Capital First Limited, a non-deposit taking NBFC focussed on financing MSMEs, has announced that it is raising fresh capital of Rs 178 crore on a preferrential basis at Rs 153.80 per share subject to approval of shareholders.
The company will allot 83.6 lakh shares for Rs 128 crore to Warbug Pincus affiliate Cloverdell Investment and another 32.5 lakh shares to HDFC Standard Life Insurance Company for Rs 50 crore. Post the transcation, Cap[ital First's combined Tier 1 and Tier 2 capital will increase to Rs 1791 crore.
Speaking about the deal, V Vaidyanathan , CMD told CNBC-TV18 that it is important for the financial services arm to be adequately capitalised. Capital Adequacy Ratio post the transaction will increase to 24 percent from 21.4 percent; hence there will be no need to infuse more capital for next 18 months, he said.
Below is the interview of V Vaidyanathan, CMD, Capital First with Ekta Batra & Anuj Singhal on CNBC-TV18.
Anuj: About 17 percent is a large equity dilution - what was the need for that because as you have mentioned in the press release that your capital adequacy ratio was already quite strong so what was the need for this large scale equity dilution?
A: The dilution is close to about 14 percent actually. This is a financial services company and it’s good to be adequately capitalised. Secondly as far as the growth opportunity is concerned for the next two-three years we continue to see significant opportunities. In the last two years we have been growing at 30 percent per year compounded and we see this opportunity in future as well. So, in that sense it makes sense for us to raise some additional equity for growth.
Ekta: Post this preferential issue that will be completed of Rs 178 crore, what will the capital adequacy ration stand at?
A: Right now the capital adequacy is 21.4 percent and after this issue it will be 24 percent.
Ekta: Would there be any more incremental money that you will look to raise via any other sort of source or would you be adequately compensated at least in the near-term?

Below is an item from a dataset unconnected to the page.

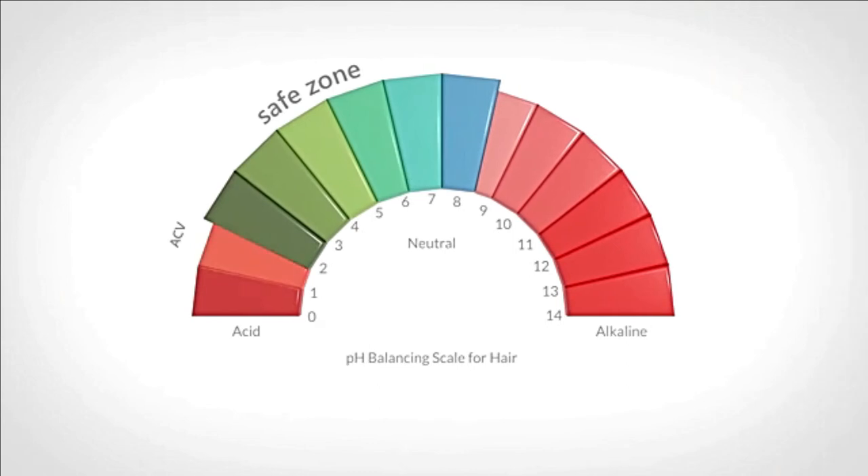As you can see, with a pH of 2, apple cider vinegar is not within the safe zone because it's too acidic. So in order to use it on your hair and scalp, you should neutralize or increase its pH to an area within the safe zone.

A: For the next 12-18 months we do not see the need for any additional infusion of capital at this point of time and we are quite comfortable at this point of time.
Ekta: I just wanted to actually focus on the asset under management (AUMs) which you have spoken about in your press release as well. Can you just detail how this current quarter is spanning out for you all in terms of your total assets under management and how exactly business is doing on a fundamental basis as well?
A: Businesses at fundamental level is doing very well and as I mentioned earlier we have grown 30 percent. Last year our assets under management was Rs 7,000 crore, this year it has grown to about Rs 9,070 crore and a substantial part of this growth is coming from the lending to the small and medium enterprises sector that too against pledge of property that frankly is a very large market in India and from the small base we are coming from to continue to post maybe at 30 to 35 percent growth is really not an issue at all. At this point of time that business is doing very well.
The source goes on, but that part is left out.